*** GIVEN ENTRIES Section Begins ***
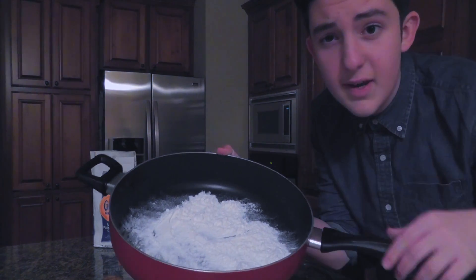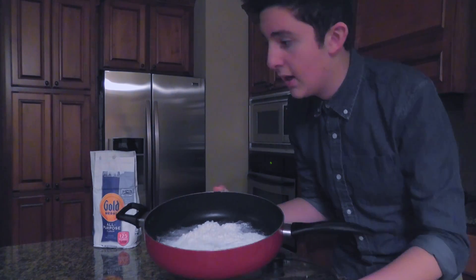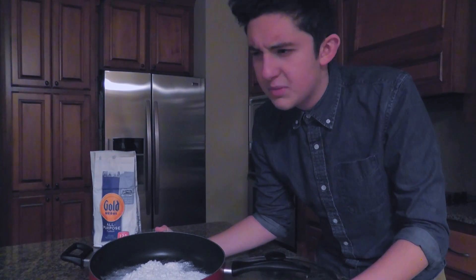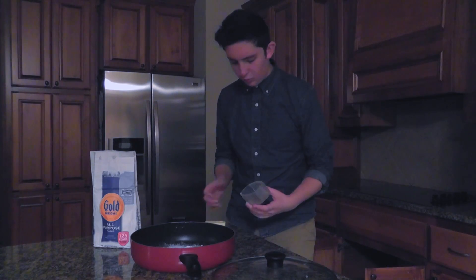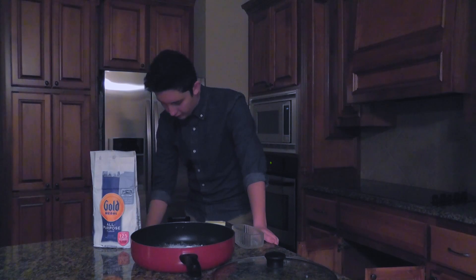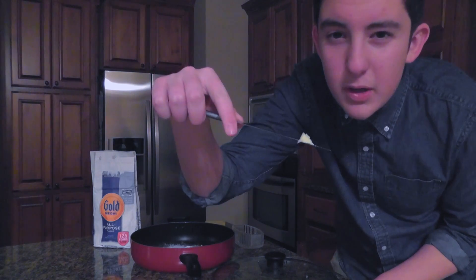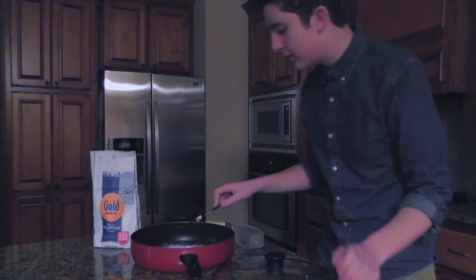Now once you have your flour spread, you're going to want to add something to it, because you can't just eat flour. I'm pretty sure that's poisonous. We're going to want to add in some butter, I guess. I don't want to use all the butter and upset my mom, so we're going to need about this much butter, maybe something like that.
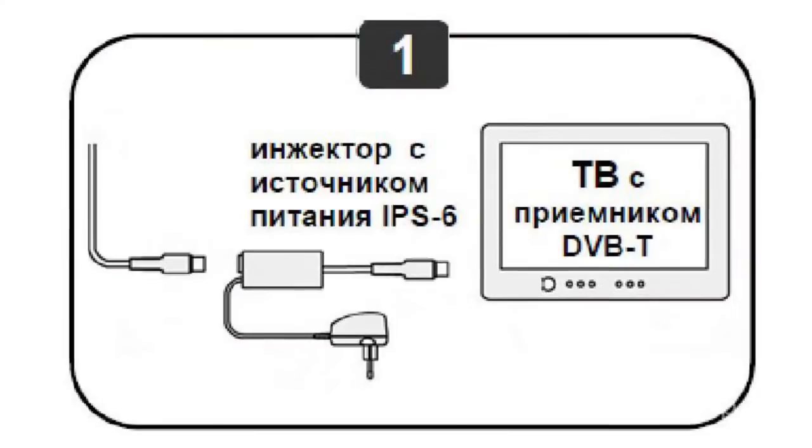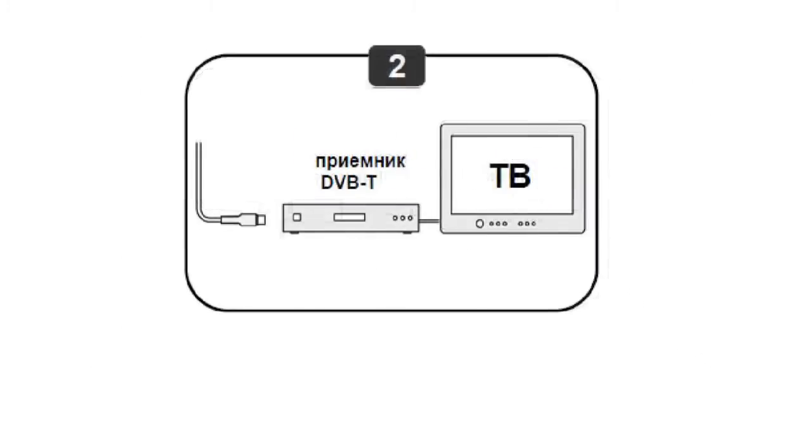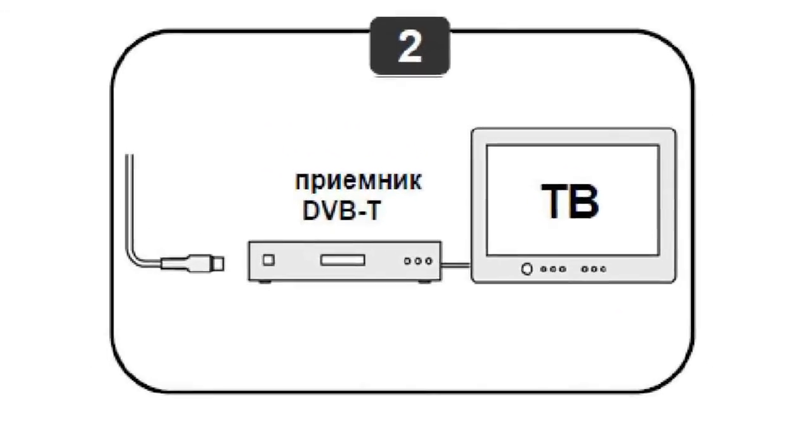To watch digital DVB-T TV, your TV must be equipped with a digital receiver. If the built-in digital receiver is not installed, you should use an external digital receiver.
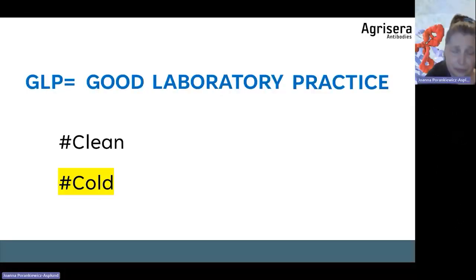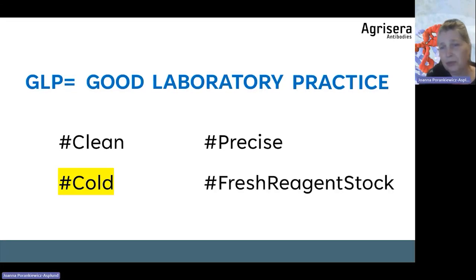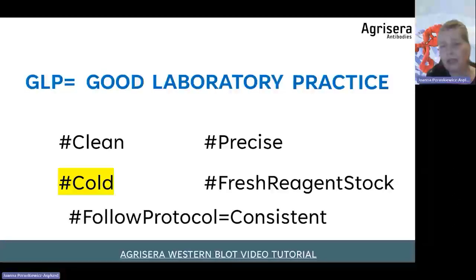Also, working in the cold is very important in the case of Western blot. We have calibrated pipettes and we use fresh reagent stock. This will all help us to get consistent results, and we need to follow the protocol.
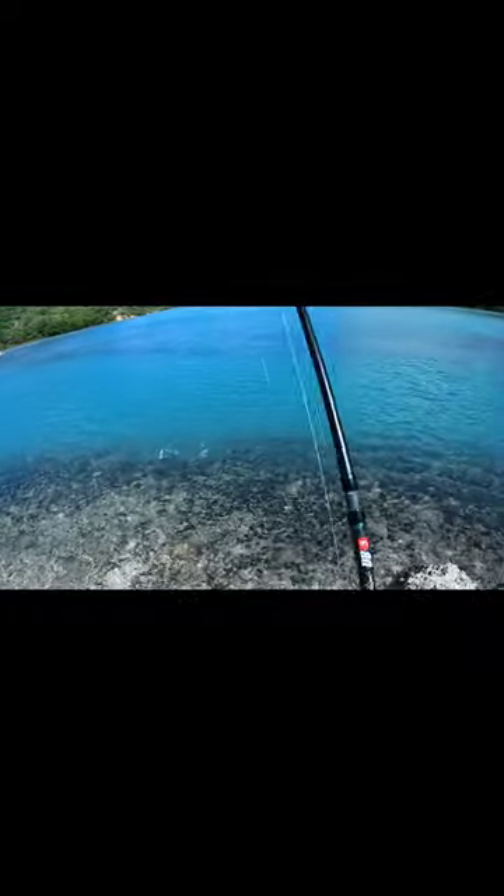For lunch — yeah, it's a barra cooler. Had some lunch, put on some more sun cream, took on some water, put on a soft plastic, a GT 185, and a second cast — a small barra.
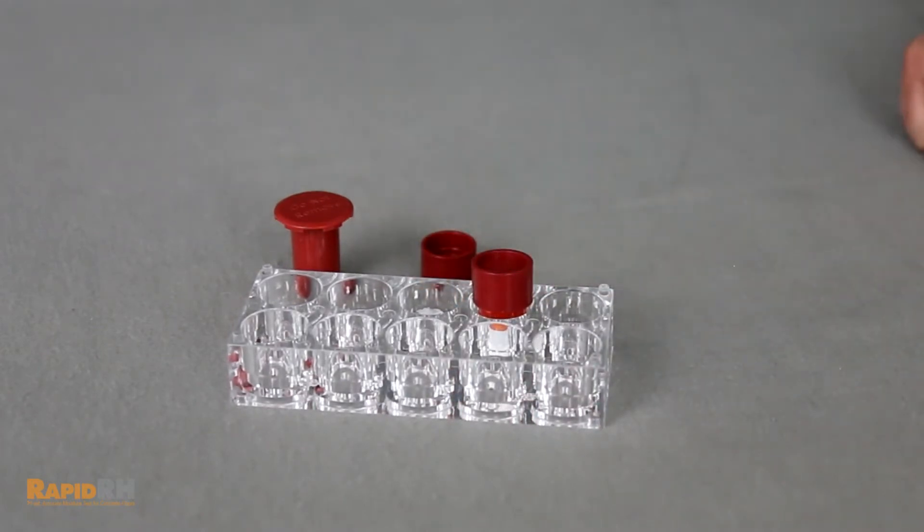Then, by osmosis, the water from the bottom is drawn into the top, and in about 48 hours you should have a saturated solution that generates a 75% RH within a given temperature range.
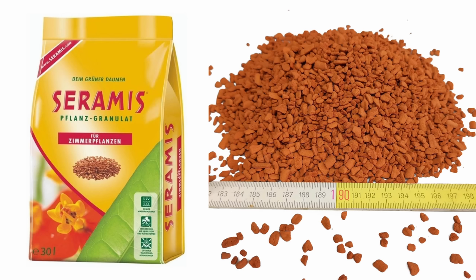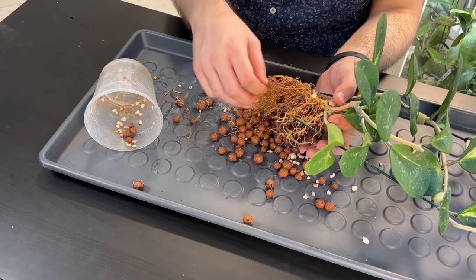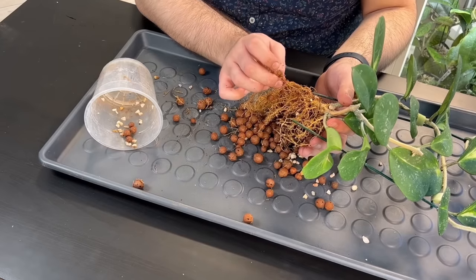PON is something that can be used to grow Hoyas in inorganic mixes, and so can ceramis — a sort of clay product that originated in Germany, which looks like clay worm cut into small pieces. I had my Hoya Serpens in it, but it's not available to me anymore. You can also use LECA — I used to grow my Hoyas in LECA with the self-watering method, and I had really good results. The reason I stopped was that I didn't like having the reservoir submerged in water in winter.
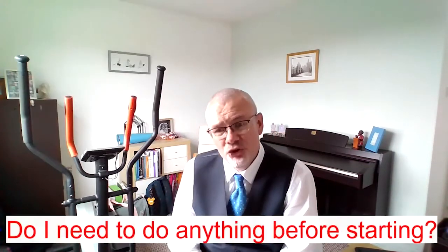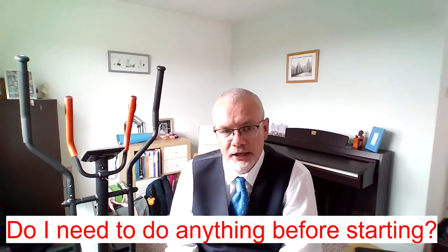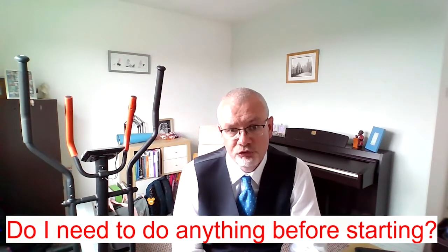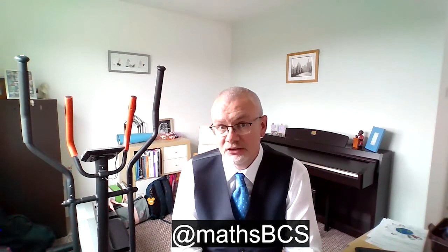Do you need to be doing anything in preparation for starting school? Well, over the summer it would be a really good thing to keep your numeracy skills up to speed. If either you or your parents would follow us on Twitter, we have our Twitter account and on that, through the summer, we will be tweeting about different numeracy activities that you could be doing each day.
*** GIVEN ENTRIES Section Ends ***
§ AIM OF THE EXERCISE
Please write out, word for word, only the lines from the one holding "Then, by osmosis, the" through the end of the records above, with both end lines included and the pictures dropped.

§ COMPLETED EXERCISE
Then, by osmosis, the water from the bottom is drawn into the top, and in about 48 hours you should have a saturated solution that generates a 75% RH within a given temperature range.
PON is something that can be used to grow Hoyas in inorganic mixes, and so can ceramis — a sort of clay product that originated in Germany, which looks like clay worm cut into small pieces. I had my Hoya Serpens in it, but it's not available to me anymore. You can also use LECA — I used to grow my Hoyas in LECA with the self-watering method, and I had really good results. The reason I stopped was that I didn't like having the reservoir submerged in water in winter.
Do you need to be doing anything in preparation for starting school? Well, over the summer it would be a really good thing to keep your numeracy skills up to speed. If either you or your parents would follow us on Twitter, we have our Twitter account and on that, through the summer, we will be tweeting about different numeracy activities that you could be doing each day.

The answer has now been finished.